Search code examples
rubynokogiriopen-uri

Extract some JSON using Nokogiri


require 'open-uri'
require 'json'
require 'nokogiri'

doc = Nokogiri::HTML(open("http://www.highcharts.com/demo/"))

puts doc

But I want to be able to extract the json from this webpage, using regular expressions doesn't seem to work, and how to do extract JSON through XPath?


Solution

  • Here's how you can access the script tags (that don't reference an external file) from a URL:

    require 'open-uri'
    require 'nokogiri'
    doc = Nokogiri.HTML(open('http://www.highcharts.com/demo/'))
    inline_script = doc.xpath('//script[not(@src)]')
    inline_script.each do |script|
      puts "-"*50, script.text
    end
    

    Now you just need to find the script block you want and extract just the data you want (using regex). Without more details, it's hard to guess what you want and are relying upon.

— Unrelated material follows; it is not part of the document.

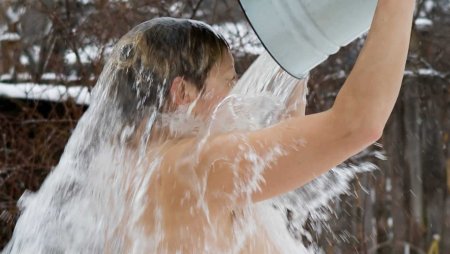 Обливание водой закаливание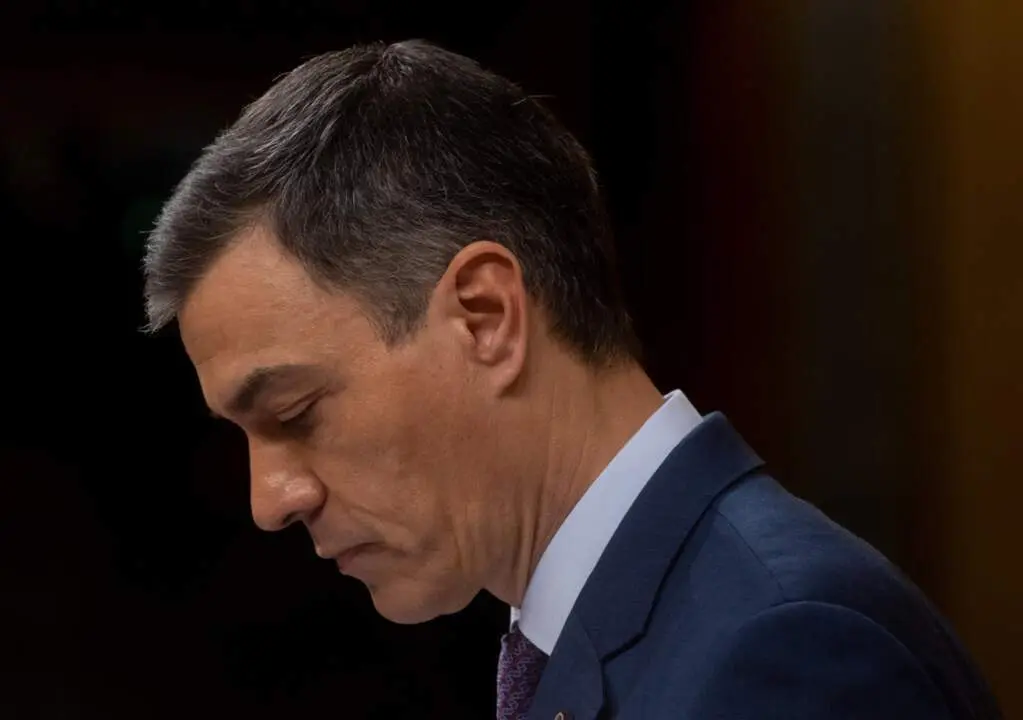  El presidente del Gobierno, Pedro S&aacute;nchez, durante una sesi&oacute;n plenaria, en el Congreso de los Diputados, a 27 de noviembre de 2024, en Madrid (Espa&ntilde;a). El presidente del Ejecutivo y el presidente del PP, afrontan su primer cara a cara tras la DANA. Adem&aacute;s - Eduardo Parra - Europa Press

    Here's a fairly fragile regex that finds what I'm guessing you were looking for:

    inline = doc.xpath('//script[not(@src)]').map(&:text)
    data   = inline.map{ |js| js[/new Highcharts\.Chart\((.+?\})\);/m,1] }.compact[0]
    puts data
    

    Here's what you get out:

    {
      chart: {
        renderTo: 'container',
        defaultSeriesType: 'line',
        marginRight: 130,
        marginBottom: 25
      },
      title: {
        text: 'Monthly Average Temperature',
        x: -20 //center
      },
      subtitle: {
        text: 'Source: WorldClimate.com',
        x: -20
      },
      xAxis: {
        categories: ['Jan', 'Feb', 'Mar', 'Apr', 'May', 'Jun', 
          'Jul', 'Aug', 'Sep', 'Oct', 'Nov', 'Dec']
      },
      yAxis: {
        title: {
          text: 'Temperature (°C)'
        },
        plotLines: [{
          value: 0,
          width: 1,
          color: '#808080'
        }]
      },
      tooltip: {
        formatter: function() {
                    return '<b>'+ this.series.name +'</b><br/>'+
            this.x +': '+ this.y +'°C';
        }
      },
      legend: {
        layout: 'vertical',
        align: 'right',
        verticalAlign: 'top',
        x: -10,
        y: 100,
        borderWidth: 0
      },
      series: [{
        name: 'Tokyo',
        data: [7.0, 6.9, 9.5, 14.5, 18.2, 21.5, 25.2, 26.5, 23.3, 18.3, 13.9, 9.6]
      }, {
        name: 'New York',
        data: [-0.2, 0.8, 5.7, 11.3, 17.0, 22.0, 24.8, 24.1, 20.1, 14.1, 8.6, 2.5]
      }, {
        name: 'Berlin',
        data: [-0.9, 0.6, 3.5, 8.4, 13.5, 17.0, 18.6, 17.9, 14.3, 9.0, 3.9, 1.0]
      }, {
        name: 'London',
        data: [3.9, 4.2, 5.7, 8.5, 11.9, 15.2, 17.0, 16.6, 14.2, 10.3, 6.6, 4.8]
      }]
    }
    

    Note that this is not JSON; this is a string representing JavaScript code with object, string, array, numeric, and function literals.